At Colleague AI, we support content rigor and customizable needs.
Now with the new “Public Library” and “School Library,” you can find the best of two worlds. Derived from the previous “Find Lessons” feature, the Public Library lets you find high-quality OER lessons from Illustrated Mathematics, OpenSciEd, and more. You can then bring this content to Brainstorm ideas, use it as a template in My Documents to adapt, or generate interactive activities and games based on it.
In addition, if your account is under an enterprise license, you can upload materials to the School Library to make them available to your colleagues. This includes materials generated on Colleague AI or documents from your cloud or local drive. Your uploaded materials will be sent to your OrgIT and OrgLeader for approval before publication. Afterward, all your colleagues in your organization can use your content as a template.
Your Milestone 🏅
The AICE Certified Educator Badge
🏅 The AICE Certified Educator Badge, offered by the University of Washington College of Education in collaboration with Colleague AI, recognizes educators who have shown they can use AI as an effective teaching assistant — not just for planning, but for designing impactful lessons, supporting all learners, and modeling safe, responsible use for students.
🚀 Why It Matters
Earning this badge means you’ve built a modern teaching skill set that helps you:
- Save time without lowering quality.
- Reach every learner with customized scaffolding.
- Prepare students for a world where AI is part of everyday learning and work.
This badge shows your school, your colleagues, and your professional network that you are ready to lead in AI-supported teaching.
Our Community 📣
Colleague AI at ASU+GSV
Grateful to have been part of the conversation at the ASU+GSV Summit.
We were proud to bring a practitioner- and educator-centered perspective to the stage, grounded in how AI can meaningfully support teaching and learning in real classrooms.
Colleague AI at ASU+GSV Highlight
Our Co-Founder and CEO, Min Sun, joined Charles Elliott, Chris Clark, Jennifer Lee, and Kavitta Ghai to discuss the future of ambient AI in education.
Dr. Min Sun tackled one of the most pressing questions in EdTech: How do we design systems that empower rather than surveil? As AI becomes the “air” of campus life, how do we scale personalization without eroding agency?
For Colleague AI, the answer is simple: The teacher is the anchor. Data is not collected to monitor — it’s collected to inform.
We give educators a clearer view of where every student stands, and enable teachers to do what they do best: connect with students in meaningful, human ways.

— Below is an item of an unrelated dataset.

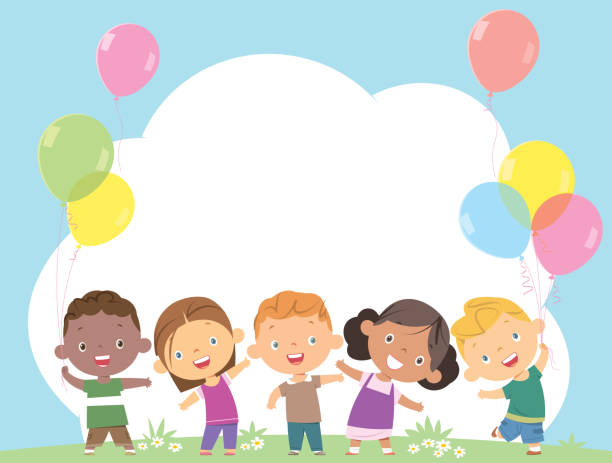 ilustraciones, imágenes clip art, dibujos animados e iconos de stock de niños felices juntos y sosteniendo globos - child balloon outdoors little boys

“The human part of this is where I put most of my energy and thinking. I want students to enjoy school, be prepared for the future, and have a fulfilling life.”
It was also great connecting with so many of you at GSV Demo Day and at Booth #68. We appreciated the thoughtful conversations with educators, leaders, and partners exploring what responsible, classroom-ready AI can look like.
If we didn’t get a chance to connect in San Diego, we’d still love to continue the conversation — feel free to reach out.
Our Research 🔬
Heading to the 2026 NARST Annual International Conference in Seattle, WA?
Join our research partner’s session on How Science Teachers Use AI: A Descriptive Portrait from a National Survey.
Session Time: 8:15–9:45, April 21, 2026
Location: Jefferson B (L4)
Presenter: Dr. Joshua Rosenberg, University of Tennessee, Knoxville, USA
Artificial intelligence is reaching science classrooms, but how teachers use it remains unclear. We report results from a national survey of 566 U.S. public-school science teachers (RAND American Educator Panel, 2025). We defined generative AI as tools that create content or automate tasks using large data patterns.
About half of teachers reported any use of GenAI; roughly one in four use it weekly or daily. Use concentrates on teacher-facing work — planning lessons (40%) and creating assignments or assessments (32%) — with smaller shares for in-class support, differentiation, and routine paperwork. Only 5% said they teach students to use GenAI as a learning tool.
About a quarter said GenAI has changed how they interact with students, most often through more personalization, better support for varied needs, and more ways to explain difficult ideas. Teachers also reported limited student use overall.
Taken together, GenAI currently functions more as a planning assistant than a classroom learning tool. We close by outlining implications for professional learning, classroom-ready resources, and policy.